Unicellular eukaryotic phytoplankton, such as diatoms, rely on microbial communities for survival despite lacking specialized compartments to house microbiomes (e.g., animal gut). Microbial communities have been widely shown to benefit from diatom excretions that accumulate within the microenvironment surrounding phytoplankton cells, known as the phycosphere. However, mechanisms that enable diatoms and other unicellular eukaryotes to nurture specific microbiomes by fostering beneficial bacteria and repelling harmful ones are mostly unknown. We hypothesized that diatom exudates may tune microbial communities and employed an integrated multiomics approach using the ubiquitous diatom Asterionellopsis glacialis to reveal how it modulates its naturally associated bacteria.
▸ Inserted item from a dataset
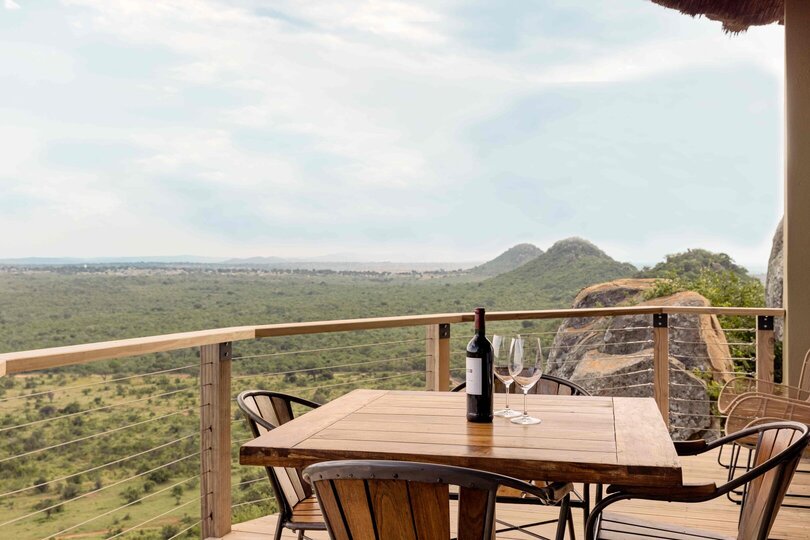 Cliffside Coastal Charm, Rock Cliff 1048, -, South Africa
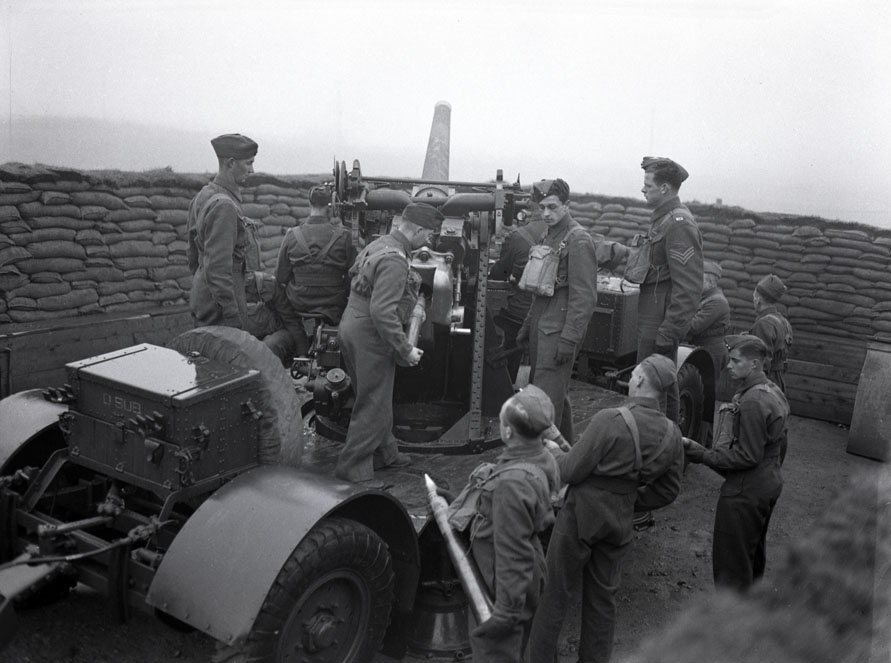 Military equipment and training in Nova Scotia, World War II   200902218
We show that A. glacialis reprograms its transcriptional and metabolic profiles in response to bacteria to secrete a suite of central metabolites and two unusual secondary metabolites, rosmarinic acid and azelaic acid. While central metabolites are utilized by potential bacterial symbionts and opportunists alike, rosmarinic acid promotes attachment of beneficial bacteria to the diatom and simultaneously suppresses the attachment of opportunists. Similarly, azelaic acid enhances growth of beneficial bacteria while simultaneously inhibiting growth of opportunistic ones. We further show that the bacterial response to azelaic acid is numerically rare but globally distributed in the world's oceans and taxonomically restricted to a handful of bacterial genera. Our results demonstrate the innate ability of an important unicellular eukaryotic group to modulate select bacteria in their microbial consortia, similar to higher eukaryotes, using unique secondary metabolites that regulate bacterial growth and behavior inversely across different bacterial populations.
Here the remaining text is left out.